# another ebay question



## paintlady (May 10, 2007)

I am having trouble with an ebay seller and need some advice. I won a book back on Jan. 20th. When I didn't receive it by yesterday I contacted the seller through Ebay to see if she could provide a tracking number which she did as she said that according to the tracking number the book was supposed to have been delivered to my house the day before yesterday. I gave the tracking number to my post office and they said that the package was indeed marked delivered- to NEW JERSEY! I live in Minnesota! So I contacted the seller by phone and she said that she must have given me the wrong tracking number and she would send the right one to me when she was able to. I got a private email from her last night that said that she tracked the package with the supposedly new tracking number and the book was now delivered to HAWAII! Did I mention that I live in MINNESOTA?? She refused to refund my postage as she now claims that it is not her fault that the book is off somewhere on the planet (if she ever even mailed it). 
I had replied to the private email that she sent me in her email to me and told her that I think that since she doesn't know where she mailed the book to that it is not lost in the mail due to postal errors, it is because she failed to mail it to the correct address and I don't feel that I should have to pay for this. I filed a dispute with Paypal and she put her two cents in and then today I get a nasty email from her private email address in which she told me that if I reply to that email she will report me to Ebay, the authorities and the police! Clearly I am dealing with a nut case. 
As I paid for the item with Paypal Ebay directed the dispute directly to them.

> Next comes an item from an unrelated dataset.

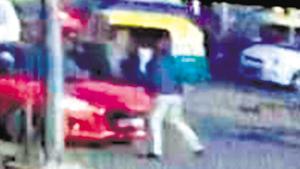 A CCTVfootage showed the accused drive off as the SPO clung on to the car. The video was shared widely on social media.(CCTV Grab) A CCTVfootage showed the accused drive off as the SPO clung on to the car. The video was shared widely on social media.(CCTV Grab)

Now I am ticked as she is making threats and refuses to refund any portion of my purchase. 
So, does anyone have any advice to give me? Should I just wait to see what Paypal does as they are reviewing the dispute?
Thanks for any input on this. I have bought and sold numerous items on Ebay and this is the first time I have ever run across anything like this.


----------



## Nomad (Dec 19, 2002)

Based on my experience, as long as you have presented your case to Pay Pal, they will refund your money. I had a thief...I mean buyer receive a package of makeup containing 100 pieces. She filed a claim with Pay Pal saying she only received 50 pieces and wanted her money back. I had proof right on my receipt showing the weight of the box when it was sent. What she did was steal the best pieces and then said she never got them. I told her to file an insurance claim with the post office, but she refused. That was all I needed to let me know she was a liar. I got a call from a detective down there during our Pay Pal case. Evidently she called the police when I refused to give her money back. After I explanied what I believed happened he said he had thought there was something fishy about the woman. Don't let the seller scare you with any threats. She is the one who should be reported to Ebay. They don't tolerate threats. And you are the injured party. A mail fraud case isn't out of the question either. That person needs to be taught a lesson. In my case Pay Pal refunded the money over my strenuous objections and even though I could show I sent the items. She sent back the 50 items and got to keep the 50 she took plus get her full refund. Pretty sweet deal for her. That was almost two years ago and she hasn't bought anything else on Ebay, so maybe she decided not to try it again on anyone else. I think you can be pretty certain you will receive your refund. I wouldn't have any further communication with the person, but I would make Ebay aware of any threats and problems. Make sure you have the whole e-mail along with the header information showing who it came from. It's people like that who ruin it for everyone. I would wait to get my refund before giving negative feedback. The seller can't retaliate because they've taken away the ability for sellers to give buyer a negative. I'd be interested in knowing how it all turns out. Good luck.

Nomad


----------



## paintlady (May 10, 2007)

Thanks. I googled the last part of her email address and found that it is from someone who works at a bank. She was sending me the emails from her work computer which may be why she was so hostile- but she is the one who emailed me with that address. I don't know how to report her emails to Paypal as there is no place for me to add discussion to the dispute. I believe that the case should be settled in 10 days so maybe I should just wait until that time is up and see if I get a refund. In her words though since I replied to her email at her work address which is where she sent it from now she is ticked and says she isn't going to refund any of my money. 
I have never left any negative feedback for anyone in all of my sales and purchases on Ebay. I really hate to do that and it will be a last resort if I don't get my refund. You would think that if the PO is telling her that the package was delivered to Hawaii that they would have an address or post office where it was delivered to so she could track it down and request the book be returned to her- if in fact she even mailed it.


----------



## cantcutter (Oct 14, 2008)

If you used a credit card you can cancel the payment. I have had people do this to me through paypal, that is why a lot of sellers will not accept credit card payments. people are crazy...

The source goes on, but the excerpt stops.